Live Review: Camp Doogs

14 October 2015 | 8:17 pm | Aaron Bryans

"Collapsing filthy and exhausted into a tent at 5am, it was hard not to begin looking forward to next Doogs."

The joke already runs that if you didn’t go to Camp Doogs, you’re sure as hell going to hear about it afterwards - there are reasons for that. Only three editions old, the low-key, high-vibes music festival has pretty much perched itself as the event of the year in the hippest circles of this city’s music scene.

Sometimes it feels like BIGSOUND without the conference. Is it insular? Probably. But is it welcoming as all hell? Twice so, and it gets more so every year. Camping, as ever, favoured the self-sufficient – if you managed to avoid forgetting your towel or mistake a bottle of methylated spirits for water while coming down the conditions were just about perfect, warm-to-baking as the afternoons were. 

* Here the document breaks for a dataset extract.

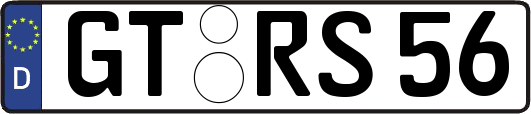 GT-RS56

The arts and activities took another step up, with Zen gardens and other amenities to keep the space engaging for the senses neglected by speakers. This isn’t to forget the music, though. While last year’s line-up favoured the unexpected and unheralded to generally mind-blowing results, this year leaned towards more established acts. But if the joy of discovery was dimmed a little, the bangers were wall to wall. 

On Friday night, Hootenanny got the ball rolling before Methyl Ethel set off for the states with a languorous, mesmeric set befitting their incipient world-conquering. Following was the rare and frankly overwhelming spectacle of Mei Saraswati Band brining things out into the stratosphere, before the seismic voice of Kirin J. Callinan brought things back to the gutter, ending with a stage invasion and a group chant about toddlers.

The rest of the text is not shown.